General Videla na Copa de 78 |
A grande
reportagem de Lúcio de Castro passa por quatro países de nossa América: Argentina,
Chile, Uruguai e Brasil – países que tem em comum a paixão pelo futebol e a política.
São várias passagens marcantes nas quatro partes do programa; na Argentina
onde há algumas quadras do Monumental de Nuñes – estádio do River Plate e
principal palco dos jogos da Copa do Mundo de 1978 – funcionava um dos maiores centros de
tortura da ditadura argentina.
Fatos
marcantes da ditadura de Pinochet, a derrubada de Salvador Allende, a partida "kafkaniana"

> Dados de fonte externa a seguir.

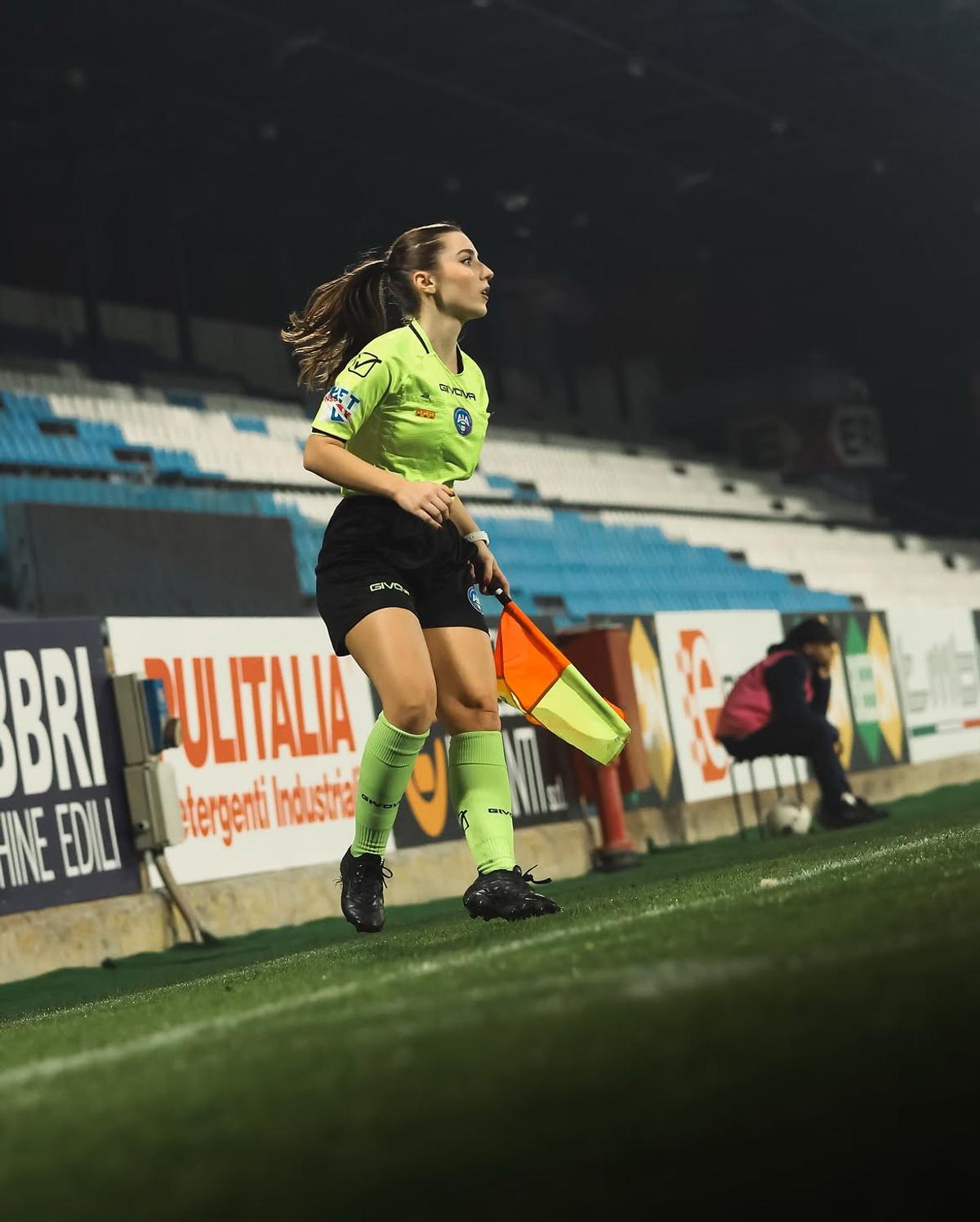 Arbitra a pozat în bikini: „Să intervină VAR!”, apoi s-a revoltat: „Corpul meu nu e o invitație”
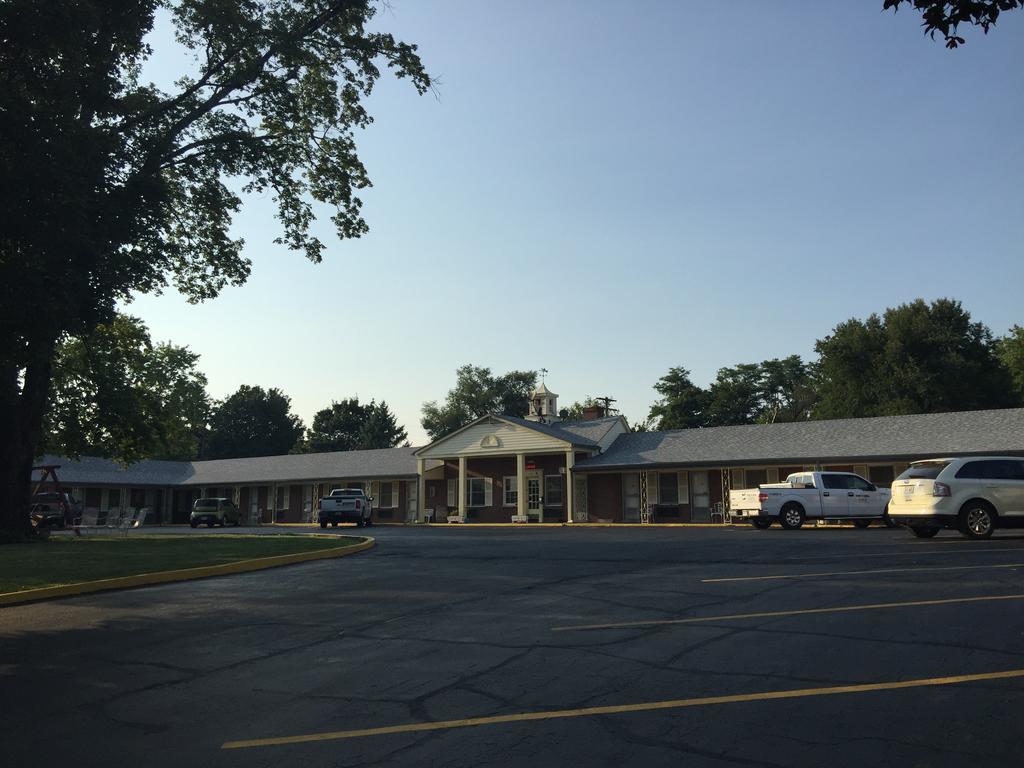 Old Kentucky Home Motel 巴兹敦 外观 照片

disputada por somente uma equipe e histórias do Estádio Nacional que serviu como campo de concentração das vítimas do regime. Histórias
em terras charruas, do Mundialito de 1981 no Uruguai, a "subversão" do
ex-zagueiro Hugo De Leon (que vestiu a camisa do Grêmio) e a primeira vez que o
povo gritou: "Se va a acabar, se va a acabar la dictadura militar!".
Documentos e
passagens reveladoras dos Anos de Chumbo no Brasil e da seleção que foi mais
utilizada pelos militares: o excrete canarinho de 1970. Com um arquivo vasto
de pesquisa, Lúcio esmiuçou o que foi esse período onde os setores conservadores e elitistas temiam a "ameaça vermelha", preocupavam-se com os ventos que sopravam do Caribe, com o charme
dos barbudos de Sierra Maestra e com a possibilidade de "novos Vietnans" em pleno
Cone Sul.
O "João Sem Medo" |
Ditaduras
tem o poder de confiscar símbolos nacionais e por aqui isso foi muito bem
feito - como mostra o documentário. "Ame ou deixe-o" e "Pra Frente Brasil" que o digam. O
programa detalha a perseguição implacável a João Saldanha, o "João Sem Medo". Comunista
convicto, foi derrubado do cargo de técnico da Seleção pela
ditadura e sofreu uma perseguição voraz dos militares, sendo inclusive proibido de fazer a cobertura esportiva da delegação brasileira no
México. Então contratado pela BBC para fazer artigos sobre a copa, Saldanha teve credenciais negadas pela então CBD [Confederação Brasileira de
Desportos] em virtude de seus comentários considerados "incendiários".
Memórias do
Chumbo traz "furos jornalísticos" como o caso do major Roberto Câmara Guaranys –
torturador do regime – que foi o chefe de segurança da delegação brasileira na
Copa do México; uma entrevista com o jornalista Luis Claudio Cunha, autor do
livro Operação Condor: o sequestro dos uruguaios, com detalhes do sequestro que teve
participação do ex-jogador Didi Pedalada, que após passagens por vários clubes
- entre eles o Internacional - foi prestar "serviços" ao DOPS gaúcho.
Revelações
sobre o "Rei" que, após voltar campeão de terras astecas, foi ao DOPS
dedurar "comunistas" que haviam lhe procurado no exterior para assinalar um documento
contra a ditadura no Brasil e pedindo a anistia de presos políticos. A
informação consta em documento oficial do 21 de outubro de 1970 que só agora
aparece. Procurado pelo programa, Pelé e sua assessoria não se manifestaram sobre o assunto.
Memórias do
Chumbo: O Futebol nos Tempos de Condor é uma ótima sugestão para aqueles que
são apaixonados por história, por futebol e por política. Fundamental para pesquisadores
destes tempos de censura, suspensão do direito de votar, intervenção em sindicatos, cassação de direitos políticos, proibição de atividades ou manifestações de natureza política e fim
do Estado de Direito.
Agraciado
pela participação especial de Eduardo Galeano – outro pesquisador sobre o tema –
Lúcio de Castro foi autor de um trabalho jornalístico único. Um documento
histórico primordial no momento em que se discute a recuperação da memória e se
cobra punição àqueles que cassaram direitos dos trabalhadores, torturaram, assassinaram com garras do Condor e seguem impunes.
"(...)a impunidade estimula o delinquente, seja um
delinquente militar, civil, seja individual, seja coletivo, a impunidade é o
motor maior para a repetição dos crimes".